I am a complete SQL novice and need some help on some basic syntax on how to perform an update on two tables which are linked by foreign keys.

Here is an example:


| Id  | Active | Username |
| 100 |      1 | bobby    |


| Id  | Active | OrderNumber | UserId |
| 200 |      1 |         123 |    100 |
| 201 |     1  |         789 |    100 |

Let's say I have a user which is used in another table as the foreign key UserId. I want to write UPDATE statements that will set the user to inactive and any associated orders using that user id to inactive as well.
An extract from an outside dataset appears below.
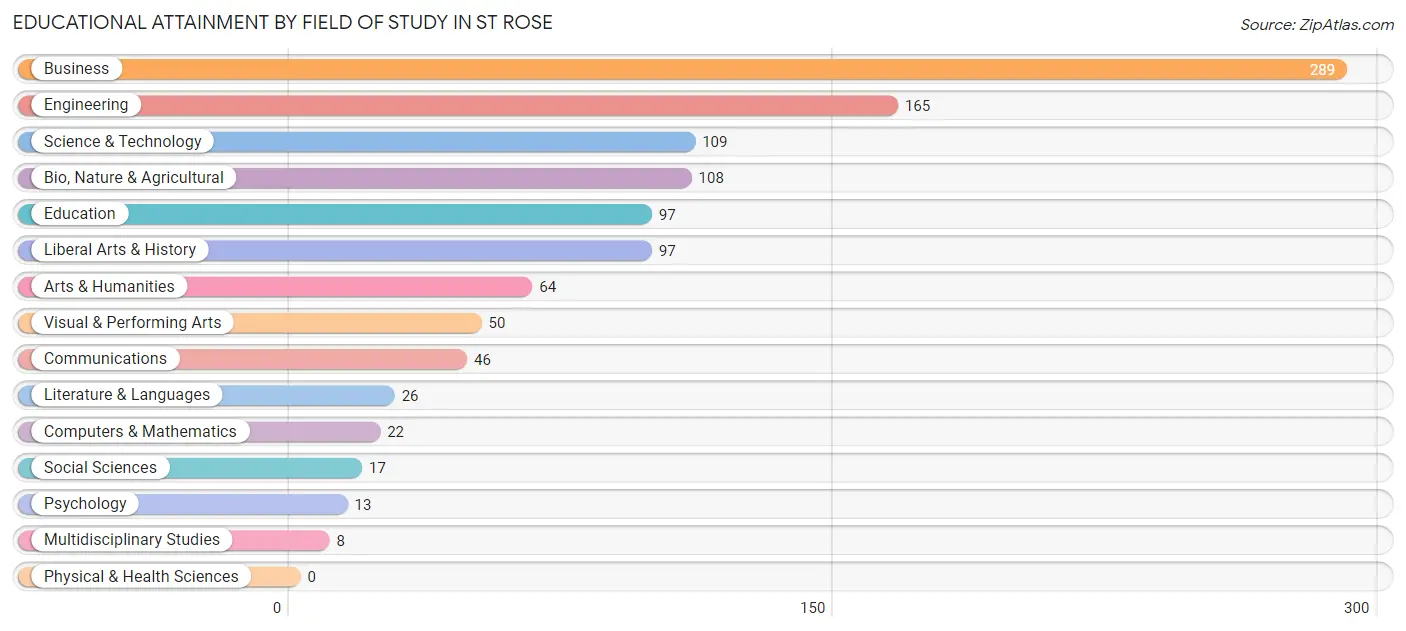 Educational Attainment by Field of Study in St Rose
Here is what I have tried so far:

-- sets the User to inactive
UPDATE User SET Active = 0
WHERE <some complicated check>

-- this is where I have problems
-- how do I set the associated orders for that particular user to inactive as well?
-- I have tried...
UPDATE Orders SET Active = 0
FROM User u, Orders o
WHERE o.UserId = u.Id

But that is clearly not quite right. I can't just use the user ids in the second UPDATE statement because I don't know what users my "complicated check" will return.
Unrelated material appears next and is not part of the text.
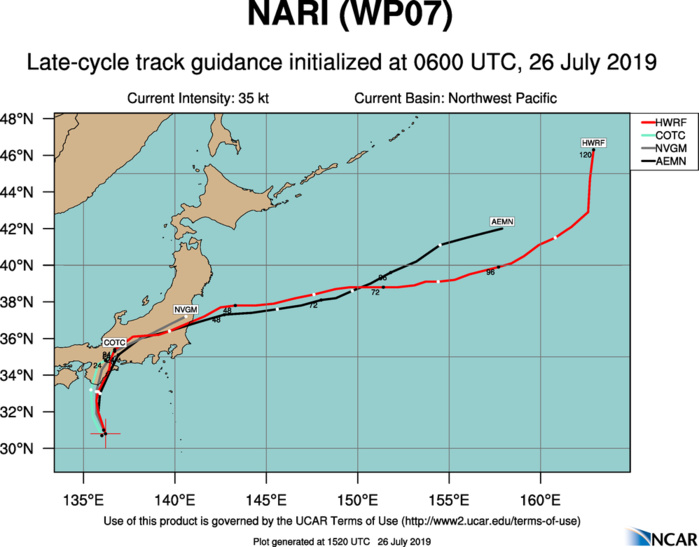 TRACK GUIDANCE TRACK GUIDANCE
Any help would be greatly appreciated.

  • Is your goal to avoid repeating <some complicated check>? And why do you need to maintain the state in both places? It's redundant because you can always get to it by a simple join, and you also have to worry about future maintenance the other way (when you update a user back to active). Apr 11, 2019 at 15:47

2 Answers 2


All you want to do is filter on the Active column of the User table being 0. I'd also recommend using the join syntax, but that's not necessarily relevant to your question.

UPDATE Orders 
SET Active = 0
FROM Orders o
JOIN User u on o.userID = u.ID
WHERE u.Active = 0
AND o.Active != 0

Assuming the goal is to not have to repeat <some complicated check>, and ignoring some significant problems with the schema (including why do you need to mark both a user and all of their orders as inactive?), you can do it this way by stuffing the users affected by the first update into a #temp table, and then joining on that to cascade the update.

CREATE TABLE #u(id int);

UPDATE dbo.[User] -- keyword, and why isn't it plural like Orders?
  SET Active = 0
  OUTPUT inserted.Id INTO #u
  WHERE Active = 1 -- don't bother updating rows already set this way
  -- AND <some complicated check>;

SET o.Active = 0
FROM dbo.Orders AS o
ON o.UserId = u.id
WHERE o.Active = 1; -- again only update rows that need to change


If you don't care about repeating <some complicated check> then your second query could be:

SET o.Active = 0
FROM dbo.Orders AS o
INNER JOIN dbo.[User] AS u
ON o.UserId = u.Id
WHERE o.Active = 1
  AND u.Active = 0
  --AND <some complicated check>;

You don't technically have to repeat the complicated check, but depending on how many rows might already have been made inactive in the past, you might want to do it so you aren't updating more rows than you need to. The WHERE o.Active = 1 helps mitigate that, possibly, but it depends on how much history you have and how much of those rows in the past you want to affect.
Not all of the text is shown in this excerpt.